Pull every line from the records that has the word "Villa" in it.

BEGIN

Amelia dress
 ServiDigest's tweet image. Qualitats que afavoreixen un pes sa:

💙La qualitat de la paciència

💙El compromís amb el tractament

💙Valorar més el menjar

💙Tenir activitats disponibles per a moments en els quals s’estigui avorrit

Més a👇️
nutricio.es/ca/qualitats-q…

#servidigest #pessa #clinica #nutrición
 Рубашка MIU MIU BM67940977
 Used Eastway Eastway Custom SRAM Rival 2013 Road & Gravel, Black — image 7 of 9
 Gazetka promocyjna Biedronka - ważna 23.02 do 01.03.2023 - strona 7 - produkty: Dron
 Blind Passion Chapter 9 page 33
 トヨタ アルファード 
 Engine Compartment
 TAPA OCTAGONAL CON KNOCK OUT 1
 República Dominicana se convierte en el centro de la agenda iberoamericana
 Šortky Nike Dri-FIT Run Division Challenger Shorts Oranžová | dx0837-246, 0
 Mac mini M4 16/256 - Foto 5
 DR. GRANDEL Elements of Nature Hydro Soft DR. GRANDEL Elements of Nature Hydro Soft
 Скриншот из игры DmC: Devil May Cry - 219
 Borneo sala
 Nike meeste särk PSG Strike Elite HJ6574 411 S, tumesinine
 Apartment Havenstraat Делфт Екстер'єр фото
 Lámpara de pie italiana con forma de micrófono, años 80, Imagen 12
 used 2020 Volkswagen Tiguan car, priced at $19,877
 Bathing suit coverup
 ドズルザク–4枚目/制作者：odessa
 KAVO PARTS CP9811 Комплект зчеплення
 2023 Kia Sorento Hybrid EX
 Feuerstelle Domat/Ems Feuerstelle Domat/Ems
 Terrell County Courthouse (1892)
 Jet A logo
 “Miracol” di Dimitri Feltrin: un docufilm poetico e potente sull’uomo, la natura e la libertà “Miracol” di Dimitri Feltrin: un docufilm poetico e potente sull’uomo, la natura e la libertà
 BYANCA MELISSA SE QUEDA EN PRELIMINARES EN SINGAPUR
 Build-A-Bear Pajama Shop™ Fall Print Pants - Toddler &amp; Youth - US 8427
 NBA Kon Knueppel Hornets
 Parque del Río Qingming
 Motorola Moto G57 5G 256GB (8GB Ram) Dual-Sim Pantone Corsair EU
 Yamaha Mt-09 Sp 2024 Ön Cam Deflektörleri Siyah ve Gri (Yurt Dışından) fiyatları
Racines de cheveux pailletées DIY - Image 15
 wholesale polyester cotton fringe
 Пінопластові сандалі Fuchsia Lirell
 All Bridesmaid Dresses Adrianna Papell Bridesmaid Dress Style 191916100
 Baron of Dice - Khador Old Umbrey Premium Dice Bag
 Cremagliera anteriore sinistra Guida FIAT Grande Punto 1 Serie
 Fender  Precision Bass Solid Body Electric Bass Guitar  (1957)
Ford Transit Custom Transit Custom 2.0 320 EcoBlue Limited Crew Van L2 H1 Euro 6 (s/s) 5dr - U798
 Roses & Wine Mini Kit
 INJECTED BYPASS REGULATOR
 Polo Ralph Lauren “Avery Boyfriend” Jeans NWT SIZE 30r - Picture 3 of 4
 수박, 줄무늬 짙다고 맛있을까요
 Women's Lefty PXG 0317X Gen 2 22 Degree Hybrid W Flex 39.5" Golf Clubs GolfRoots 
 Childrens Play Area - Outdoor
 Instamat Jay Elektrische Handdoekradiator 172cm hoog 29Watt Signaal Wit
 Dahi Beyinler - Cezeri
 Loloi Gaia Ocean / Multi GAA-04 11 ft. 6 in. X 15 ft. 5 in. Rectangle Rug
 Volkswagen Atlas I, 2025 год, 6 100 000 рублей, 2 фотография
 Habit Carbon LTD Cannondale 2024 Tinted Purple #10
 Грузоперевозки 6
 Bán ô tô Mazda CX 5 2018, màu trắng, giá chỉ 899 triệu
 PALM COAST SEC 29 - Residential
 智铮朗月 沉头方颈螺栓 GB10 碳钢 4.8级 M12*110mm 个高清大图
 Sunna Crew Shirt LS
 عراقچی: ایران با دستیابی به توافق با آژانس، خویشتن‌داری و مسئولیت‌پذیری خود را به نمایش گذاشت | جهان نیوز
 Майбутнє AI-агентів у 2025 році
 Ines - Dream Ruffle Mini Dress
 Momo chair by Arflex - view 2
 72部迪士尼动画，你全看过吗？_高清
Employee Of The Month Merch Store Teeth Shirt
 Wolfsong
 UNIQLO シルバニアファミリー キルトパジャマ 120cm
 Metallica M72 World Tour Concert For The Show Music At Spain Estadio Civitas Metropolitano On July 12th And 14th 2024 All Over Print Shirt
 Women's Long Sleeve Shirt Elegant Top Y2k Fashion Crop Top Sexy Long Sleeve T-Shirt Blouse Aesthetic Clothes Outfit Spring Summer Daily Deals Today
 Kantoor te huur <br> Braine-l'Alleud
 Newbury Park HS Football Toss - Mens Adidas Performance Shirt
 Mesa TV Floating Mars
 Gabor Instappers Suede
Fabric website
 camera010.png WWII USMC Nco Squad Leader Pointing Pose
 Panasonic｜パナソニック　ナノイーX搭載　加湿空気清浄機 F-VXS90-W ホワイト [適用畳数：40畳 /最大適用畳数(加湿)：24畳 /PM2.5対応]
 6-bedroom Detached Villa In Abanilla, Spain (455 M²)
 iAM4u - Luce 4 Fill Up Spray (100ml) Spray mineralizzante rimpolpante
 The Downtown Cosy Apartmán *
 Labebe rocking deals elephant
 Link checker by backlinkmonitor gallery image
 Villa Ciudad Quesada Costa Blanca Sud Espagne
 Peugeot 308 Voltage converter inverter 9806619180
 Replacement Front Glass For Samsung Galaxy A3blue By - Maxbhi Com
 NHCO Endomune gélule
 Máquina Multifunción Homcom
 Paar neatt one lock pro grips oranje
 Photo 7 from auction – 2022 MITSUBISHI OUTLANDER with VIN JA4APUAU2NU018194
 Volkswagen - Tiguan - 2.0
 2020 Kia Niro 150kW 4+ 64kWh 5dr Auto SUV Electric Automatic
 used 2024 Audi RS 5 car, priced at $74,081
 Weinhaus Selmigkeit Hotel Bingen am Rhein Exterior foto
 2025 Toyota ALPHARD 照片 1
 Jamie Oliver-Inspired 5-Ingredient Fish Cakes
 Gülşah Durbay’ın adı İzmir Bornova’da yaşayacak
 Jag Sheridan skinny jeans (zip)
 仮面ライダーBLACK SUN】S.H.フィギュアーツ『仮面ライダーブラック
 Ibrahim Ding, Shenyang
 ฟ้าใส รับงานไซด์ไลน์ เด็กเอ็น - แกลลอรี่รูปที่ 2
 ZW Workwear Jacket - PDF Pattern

END

**EXERCISE OUTPUT:**
 6-bedroom Detached Villa In Abanilla, Spain (455 M²)
 Villa Ciudad Quesada Costa Blanca Sud Espagne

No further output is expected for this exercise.